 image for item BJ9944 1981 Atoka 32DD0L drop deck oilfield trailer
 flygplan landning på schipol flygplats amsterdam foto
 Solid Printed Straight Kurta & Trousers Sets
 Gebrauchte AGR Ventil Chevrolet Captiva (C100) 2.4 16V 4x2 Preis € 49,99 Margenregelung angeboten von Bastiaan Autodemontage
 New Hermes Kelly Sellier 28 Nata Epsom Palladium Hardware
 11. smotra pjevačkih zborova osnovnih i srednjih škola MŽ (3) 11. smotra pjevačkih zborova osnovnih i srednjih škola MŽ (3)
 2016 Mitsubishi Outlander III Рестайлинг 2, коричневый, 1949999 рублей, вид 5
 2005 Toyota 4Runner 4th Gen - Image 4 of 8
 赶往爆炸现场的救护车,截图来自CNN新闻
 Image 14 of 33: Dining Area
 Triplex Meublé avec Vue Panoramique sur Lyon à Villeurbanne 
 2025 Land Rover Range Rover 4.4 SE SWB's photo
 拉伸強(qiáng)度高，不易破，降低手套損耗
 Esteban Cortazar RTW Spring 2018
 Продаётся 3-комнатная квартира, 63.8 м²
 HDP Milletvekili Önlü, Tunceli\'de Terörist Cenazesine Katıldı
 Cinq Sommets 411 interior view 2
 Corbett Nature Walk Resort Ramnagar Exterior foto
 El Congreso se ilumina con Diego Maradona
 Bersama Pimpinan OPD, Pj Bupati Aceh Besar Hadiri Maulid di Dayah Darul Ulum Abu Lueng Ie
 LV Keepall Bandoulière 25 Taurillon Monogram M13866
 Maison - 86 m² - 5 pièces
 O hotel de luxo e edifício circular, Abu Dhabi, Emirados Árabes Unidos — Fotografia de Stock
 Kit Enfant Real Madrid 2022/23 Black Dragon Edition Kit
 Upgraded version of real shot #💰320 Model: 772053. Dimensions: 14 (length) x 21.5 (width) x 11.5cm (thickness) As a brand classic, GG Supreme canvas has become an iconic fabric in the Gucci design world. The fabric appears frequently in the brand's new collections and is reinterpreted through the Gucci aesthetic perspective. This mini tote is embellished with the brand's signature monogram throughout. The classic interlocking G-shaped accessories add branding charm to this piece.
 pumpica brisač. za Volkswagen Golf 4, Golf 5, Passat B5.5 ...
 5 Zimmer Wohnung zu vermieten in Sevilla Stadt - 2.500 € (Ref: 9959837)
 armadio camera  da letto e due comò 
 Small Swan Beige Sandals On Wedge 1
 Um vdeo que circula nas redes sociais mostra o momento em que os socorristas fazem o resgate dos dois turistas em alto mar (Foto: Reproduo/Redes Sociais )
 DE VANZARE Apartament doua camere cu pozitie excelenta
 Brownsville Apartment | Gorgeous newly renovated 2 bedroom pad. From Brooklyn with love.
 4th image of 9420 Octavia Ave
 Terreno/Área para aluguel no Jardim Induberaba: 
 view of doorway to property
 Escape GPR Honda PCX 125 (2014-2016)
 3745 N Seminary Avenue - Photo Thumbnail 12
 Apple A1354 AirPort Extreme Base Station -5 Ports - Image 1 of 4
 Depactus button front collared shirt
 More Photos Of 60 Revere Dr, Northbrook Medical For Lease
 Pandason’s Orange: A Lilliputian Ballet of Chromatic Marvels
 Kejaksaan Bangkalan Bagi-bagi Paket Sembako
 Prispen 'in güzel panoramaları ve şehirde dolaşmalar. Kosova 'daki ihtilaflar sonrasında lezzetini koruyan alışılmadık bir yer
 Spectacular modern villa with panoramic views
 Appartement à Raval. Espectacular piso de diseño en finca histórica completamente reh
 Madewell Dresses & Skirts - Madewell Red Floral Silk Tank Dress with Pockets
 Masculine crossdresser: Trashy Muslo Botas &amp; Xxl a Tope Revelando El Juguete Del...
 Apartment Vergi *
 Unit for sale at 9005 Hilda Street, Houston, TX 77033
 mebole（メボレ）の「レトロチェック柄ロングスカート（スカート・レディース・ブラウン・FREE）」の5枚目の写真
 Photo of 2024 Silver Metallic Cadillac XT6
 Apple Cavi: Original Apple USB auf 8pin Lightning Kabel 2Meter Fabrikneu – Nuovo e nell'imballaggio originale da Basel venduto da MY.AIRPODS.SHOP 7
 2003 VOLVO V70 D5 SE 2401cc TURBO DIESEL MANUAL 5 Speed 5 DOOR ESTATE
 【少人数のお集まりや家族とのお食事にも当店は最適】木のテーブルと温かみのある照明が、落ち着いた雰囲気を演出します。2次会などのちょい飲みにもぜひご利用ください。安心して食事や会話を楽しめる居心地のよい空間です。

Assignment
Starting at the line that has "Solid Printed Straight Kurta & Trousers Sets" and ending at the line that has "HDP Milletvekili Önlü, Tunceli\'de", please write out the lines above exactly, leaving out all others.

Answer
 Solid Printed Straight Kurta & Trousers Sets
 Gebrauchte AGR Ventil Chevrolet Captiva (C100) 2.4 16V 4x2 Preis € 49,99 Margenregelung angeboten von Bastiaan Autodemontage
 New Hermes Kelly Sellier 28 Nata Epsom Palladium Hardware
 11. smotra pjevačkih zborova osnovnih i srednjih škola MŽ (3) 11. smotra pjevačkih zborova osnovnih i srednjih škola MŽ (3)
 2016 Mitsubishi Outlander III Рестайлинг 2, коричневый, 1949999 рублей, вид 5
 2005 Toyota 4Runner 4th Gen - Image 4 of 8
 赶往爆炸现场的救护车,截图来自CNN新闻
 Image 14 of 33: Dining Area
 Triplex Meublé avec Vue Panoramique sur Lyon à Villeurbanne 
 2025 Land Rover Range Rover 4.4 SE SWB's photo
 拉伸強(qiáng)度高，不易破，降低手套損耗
 Esteban Cortazar RTW Spring 2018
 Продаётся 3-комнатная квартира, 63.8 м²
 HDP Milletvekili Önlü, Tunceli\'de Terörist Cenazesine Katıldı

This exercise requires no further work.